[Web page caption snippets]

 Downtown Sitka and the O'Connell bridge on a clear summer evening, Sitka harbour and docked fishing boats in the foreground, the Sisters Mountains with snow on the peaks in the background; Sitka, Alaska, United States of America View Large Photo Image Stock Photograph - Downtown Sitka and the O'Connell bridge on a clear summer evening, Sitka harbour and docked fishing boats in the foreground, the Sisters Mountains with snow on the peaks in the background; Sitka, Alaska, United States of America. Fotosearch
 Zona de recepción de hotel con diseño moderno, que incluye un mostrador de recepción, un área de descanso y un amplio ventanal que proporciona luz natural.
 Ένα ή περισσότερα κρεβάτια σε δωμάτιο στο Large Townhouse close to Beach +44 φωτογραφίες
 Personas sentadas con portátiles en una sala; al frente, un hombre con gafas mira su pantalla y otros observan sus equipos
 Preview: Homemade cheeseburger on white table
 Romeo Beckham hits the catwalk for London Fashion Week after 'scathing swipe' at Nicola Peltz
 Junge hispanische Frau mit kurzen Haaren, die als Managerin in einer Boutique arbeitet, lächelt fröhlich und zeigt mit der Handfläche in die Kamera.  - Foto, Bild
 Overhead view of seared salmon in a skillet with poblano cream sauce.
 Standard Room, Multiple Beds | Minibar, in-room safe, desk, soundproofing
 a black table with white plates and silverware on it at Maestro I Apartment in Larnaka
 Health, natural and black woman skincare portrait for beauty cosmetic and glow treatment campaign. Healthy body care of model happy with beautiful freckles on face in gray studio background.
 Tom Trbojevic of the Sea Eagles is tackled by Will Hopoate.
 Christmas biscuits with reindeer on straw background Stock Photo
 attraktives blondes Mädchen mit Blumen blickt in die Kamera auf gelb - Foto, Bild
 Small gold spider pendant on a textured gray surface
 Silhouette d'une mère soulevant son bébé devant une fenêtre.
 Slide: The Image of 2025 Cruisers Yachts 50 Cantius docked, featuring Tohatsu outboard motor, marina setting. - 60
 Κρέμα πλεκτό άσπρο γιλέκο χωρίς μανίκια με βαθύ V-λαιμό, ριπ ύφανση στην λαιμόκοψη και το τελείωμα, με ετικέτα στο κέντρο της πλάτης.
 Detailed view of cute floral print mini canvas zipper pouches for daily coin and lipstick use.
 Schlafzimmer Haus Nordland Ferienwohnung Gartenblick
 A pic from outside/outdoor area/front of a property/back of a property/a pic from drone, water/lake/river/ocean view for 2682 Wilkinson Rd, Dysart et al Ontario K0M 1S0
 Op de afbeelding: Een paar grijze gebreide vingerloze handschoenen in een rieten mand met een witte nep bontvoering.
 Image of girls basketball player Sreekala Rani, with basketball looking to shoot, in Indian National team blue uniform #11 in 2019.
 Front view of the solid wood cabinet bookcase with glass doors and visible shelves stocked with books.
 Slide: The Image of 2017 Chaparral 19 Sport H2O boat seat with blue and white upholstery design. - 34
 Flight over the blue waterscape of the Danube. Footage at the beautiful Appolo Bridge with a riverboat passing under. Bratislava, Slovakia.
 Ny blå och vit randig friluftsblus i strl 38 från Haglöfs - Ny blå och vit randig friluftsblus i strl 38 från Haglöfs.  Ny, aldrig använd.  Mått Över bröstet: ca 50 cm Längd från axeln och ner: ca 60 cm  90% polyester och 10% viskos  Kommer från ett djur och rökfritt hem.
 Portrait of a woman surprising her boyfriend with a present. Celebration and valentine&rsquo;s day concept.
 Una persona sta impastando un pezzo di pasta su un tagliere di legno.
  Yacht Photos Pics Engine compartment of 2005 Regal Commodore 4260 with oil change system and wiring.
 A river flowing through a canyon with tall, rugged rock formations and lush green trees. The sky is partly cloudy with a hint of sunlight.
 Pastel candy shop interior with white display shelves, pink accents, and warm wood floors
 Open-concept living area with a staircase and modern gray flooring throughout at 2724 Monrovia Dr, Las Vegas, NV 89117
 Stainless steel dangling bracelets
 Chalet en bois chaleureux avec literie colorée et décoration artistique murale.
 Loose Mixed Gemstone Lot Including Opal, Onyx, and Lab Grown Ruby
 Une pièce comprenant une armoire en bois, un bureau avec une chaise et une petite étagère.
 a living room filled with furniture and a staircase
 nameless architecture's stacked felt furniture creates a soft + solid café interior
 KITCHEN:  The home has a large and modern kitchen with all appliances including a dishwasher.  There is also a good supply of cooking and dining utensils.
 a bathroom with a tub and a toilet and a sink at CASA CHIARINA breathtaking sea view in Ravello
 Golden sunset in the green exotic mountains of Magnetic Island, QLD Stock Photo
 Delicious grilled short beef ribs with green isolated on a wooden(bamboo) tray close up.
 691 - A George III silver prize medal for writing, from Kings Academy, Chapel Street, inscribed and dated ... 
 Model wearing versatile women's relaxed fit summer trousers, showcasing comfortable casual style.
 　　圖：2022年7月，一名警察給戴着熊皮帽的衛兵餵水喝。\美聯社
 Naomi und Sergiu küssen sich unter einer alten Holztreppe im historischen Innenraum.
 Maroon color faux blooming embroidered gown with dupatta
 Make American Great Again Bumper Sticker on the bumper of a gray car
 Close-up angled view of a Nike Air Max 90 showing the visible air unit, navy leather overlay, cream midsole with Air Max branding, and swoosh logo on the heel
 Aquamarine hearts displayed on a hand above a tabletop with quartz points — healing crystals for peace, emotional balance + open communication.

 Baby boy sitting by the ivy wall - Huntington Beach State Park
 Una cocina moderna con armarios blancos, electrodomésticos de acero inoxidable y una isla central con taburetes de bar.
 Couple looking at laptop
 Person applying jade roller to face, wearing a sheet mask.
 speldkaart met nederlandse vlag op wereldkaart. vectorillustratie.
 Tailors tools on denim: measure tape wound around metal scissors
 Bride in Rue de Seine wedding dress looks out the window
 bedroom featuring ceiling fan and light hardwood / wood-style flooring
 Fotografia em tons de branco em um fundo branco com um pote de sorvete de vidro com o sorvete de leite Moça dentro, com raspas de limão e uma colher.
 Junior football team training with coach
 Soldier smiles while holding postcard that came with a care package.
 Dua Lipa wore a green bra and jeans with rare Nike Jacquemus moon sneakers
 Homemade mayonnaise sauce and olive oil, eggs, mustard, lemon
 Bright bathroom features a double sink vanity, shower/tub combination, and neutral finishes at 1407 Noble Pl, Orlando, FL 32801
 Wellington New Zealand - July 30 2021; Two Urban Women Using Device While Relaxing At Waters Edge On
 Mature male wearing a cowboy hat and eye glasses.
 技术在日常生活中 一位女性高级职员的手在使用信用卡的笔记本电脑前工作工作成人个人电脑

- [WHAT YOU NEED TO DO]: Your answer should be the exact lines above from the one with "a bathroom with" through the one with "691 - A George", both included, and nothing besides.

- [OUTPUT FOR THIS EXERCISE]:
 a bathroom with a tub and a toilet and a sink at CASA CHIARINA breathtaking sea view in Ravello
 Golden sunset in the green exotic mountains of Magnetic Island, QLD Stock Photo
 Delicious grilled short beef ribs with green isolated on a wooden(bamboo) tray close up.
 691 - A George III silver prize medal for writing, from Kings Academy, Chapel Street, inscribed and dated ... 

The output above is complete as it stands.